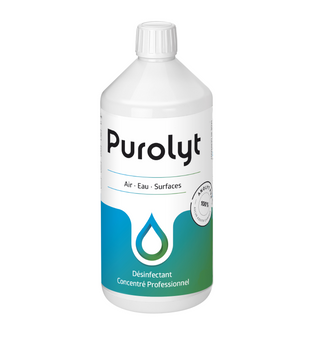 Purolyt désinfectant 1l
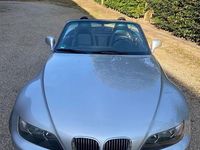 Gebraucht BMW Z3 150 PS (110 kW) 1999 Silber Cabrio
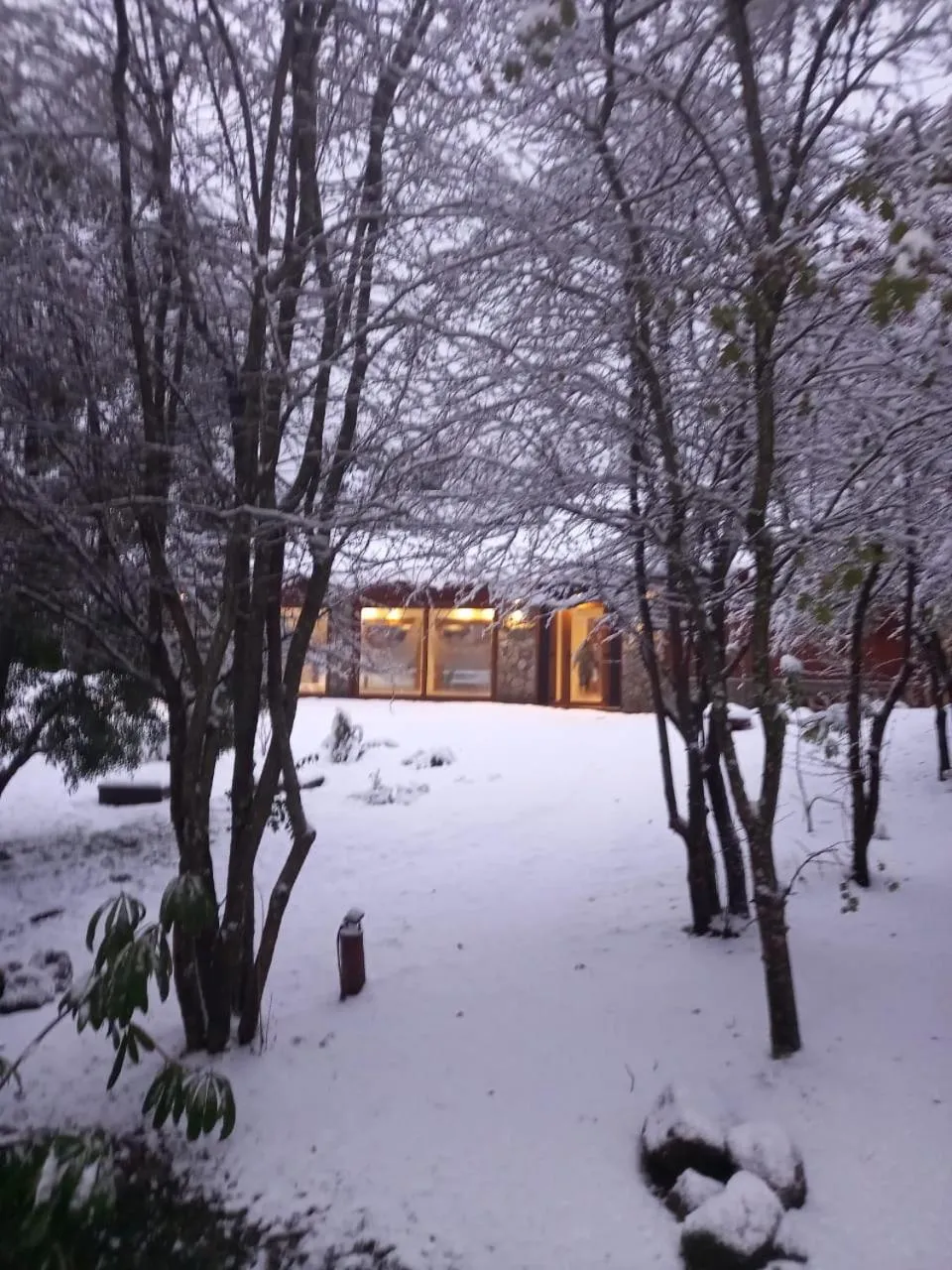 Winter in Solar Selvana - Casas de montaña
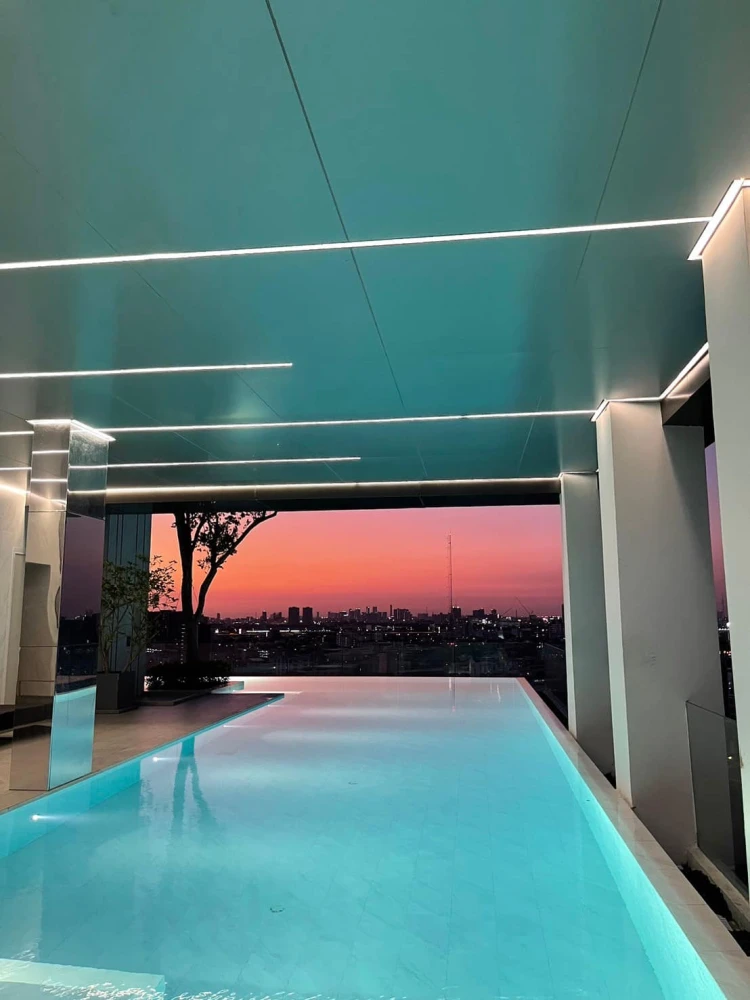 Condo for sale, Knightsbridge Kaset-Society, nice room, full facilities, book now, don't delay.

[AIM OF THE TASK] Find the line containing "Gebraucht BMW Z3" in the listing above. Restate it and every line after it, word for word, through the final line, leaving out the pictures.

[TASK SOLUTION]
 Gebraucht BMW Z3 150 PS (110 kW) 1999 Silber Cabrio
 Winter in Solar Selvana - Casas de montaña
 Condo for sale, Knightsbridge Kaset-Society, nice room, full facilities, book now, don't delay.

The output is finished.